Why marrying a millionaire on TV is a lousy idea

You dance with the devil, don’t be surprised if the devil bites you on the ass.

Actually, why don’t we just go ahead and, in place of ”devil,” substitute the words ”creepy showbiz fringe player and alleged ex-girlfriend stalker who has successfully palmed himself off as a multimillionaire and in the process has hornswoggled several criminally naive television producers, millions of credulous audience members, and one deluded nurse who is now hopelessly married to the guy”? Call a spade a spade, you know?

I refer, of course, to the revelation that Rick Rockwell — the man who got to choose a bride from the contestants during the heavily viewed premiere broadcast of Fox’s ”Who Wants to Marry a Multi-Millionaire?” — had had a restraining order slapped on him after physically threatening his girlfriend nine years earlier. Regardless of the particular details of the incident, don’t you think that Fox executives should have smoked that little factoid out BEFORE the show aired?

Add that to the fact that Rockwell’s résumé is turning out to have more holes in it than the plot of ”Double Jeopardy” — the groups he claims to have done motivational speaking for have never heard of him; Jay Leno, who he claims to have opened for, has never heard of him — and the guy is slowly being revealed as merely one of those people who would do anything for face time, including telling jokes for 30 hours straight in an effort to get into the Guinness Book of World Records.

So Rockwell’s looking more and more like a duplicitous (or, at the very least, disingenuous) schmo. Fine: the now canceled ”Who Wants to Marry a Multi-Millionaire?” got exactly the groom it deserved. I don’t care if it tarnishes the institution of marriage — from the White House to divorce court, that institution is tarnished enough, thanks. What gave me the creepy-crawlies is the way the concept itself reduced the mysteries of human attraction down to the dumb-bunny level of a game show.

So much so that I didn’t watch the broadcast. Yeah, I know, that puts me on a par with those little old ladies who wouldn’t go see ”The Last Temptation of Christ” but wanted every last print burned anyway (and for the record, ”The Dating Game” gave me the willies, too). So sue me; nothing about ”Who Wants to Marry a Multi-Millionaire?” sounded like entertainment to me. It’s my high horse, and I’m used to it.

I’m in the minority, I realize. The show’s single broadcast garnered an immense audience, most of which was made up of women. Plenty of EW staffers loved the damn thing, for reasons of kitsch or merely for the pleasure of watching a finely wrought car accident.
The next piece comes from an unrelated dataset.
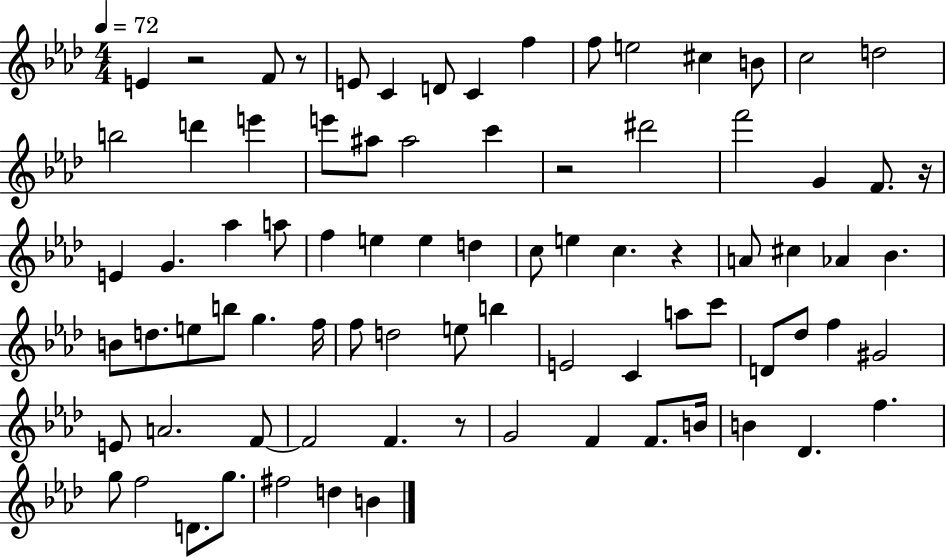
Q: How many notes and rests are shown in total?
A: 82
So many people applied to be contestants that the show’s website crashed.

That last one has me really stumped. What’s the thinking here? That you’re actually going to find a life mate? Or just that you’ll get to be on TV, take home valuable prizes, win a guy with money (and a restraining order out against him), and end up with a cool story to tell your friends after they’ve rescued you from the trunk of his car? Someone, please explain the appeal.

As for any future game shows from Fox, why don’t they just go where they’re obviously heading and send in the lions?